Hi Jedavis, A few thoughts in response.

  1. Spell research is intended to be much harder and more expensive than copying a spell from a scroll. The availability of such items is a major reason why mages would go to cities and/or collaborate. Spell research becomes much more valuable when you can’t get a scroll, want to create a new spell, or want to experiment.

  2. If, as Judge, you think some spells ought not be available for sale, then they simply aren’t available for sale. Keep in mind that everything in ACKS is based on the “average” city, “average” ruler, and so on. But in the real world, no one is actually average. There are no US families that actually have 1.5 kids. So you can and should individualize your cities, markets, nobles, and so on. The data in ACKS is baselines, not straightjackets. So, you can always play with the relative market sizes, as Jard maintains.

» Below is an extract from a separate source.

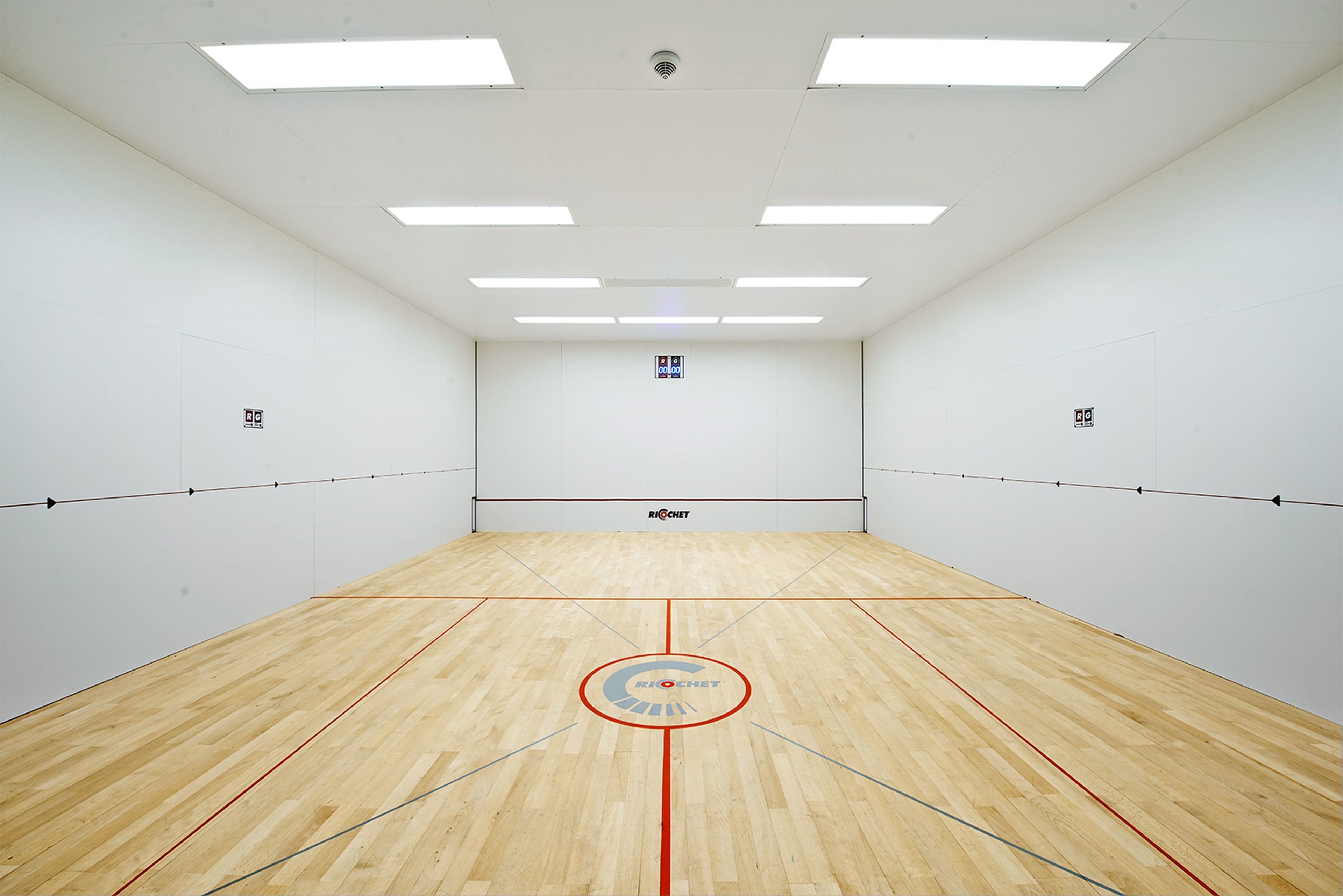 Una cancha de squash con piso de madera, paredes blancas e iluminación en el techo.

  3. The way the “number of items available” charts were created was by estimating the size of the economies, estimating the number of products, the number of items at each price level, and then coming up with some averages. This can be expressed mathematically:
    Aggregate Money Supply / Average Price of Goods = Average Quantity of Goods
    Average Quantity of Goods / Number of Different Types of Goods = Average Quantity of Each Type of Good

But that means that if, for example, you were to double the number of theoretical spells in existence, you actually should HALVE the number of spell scrolls available of each individual spell. To the extent you reduce the number of one scroll, increase the number of another so it averages out. So for example, if you want all the spells in PC to be available (doubling the number of scrolls) then there should only be a 50% chance of each scroll being available. If Necromancer mages make up 85% of the mages in our city, then maybe there are 3-4 scrolls of each necromancy spell but less than 1 of other types. And so on. Does that make sense?

  1. The rules lay quiet on whether or not your spell signature changes when you copy a spell from someone else. If when you purchase and copy a scroll, you get that caster’s spell signature, or something like it, that might cause fun/interesting ramifications that would change the cold, hard math.

Thanks, Alex; point 3 is basically the sort of thing I was looking for. I’m a little curious about the details of the numbers used for constructing the availability chart, but “increased scroll variety leads to decreased quantities” is a starting point I can work with. I may still roll random languages for available scrolls, just to throw one extra barrier in, but might also mark a few PC spells as “potentially available in this city” and use that to add a probability of nonavailability to all scrolls of that level while also providing a way to pick up those new spells.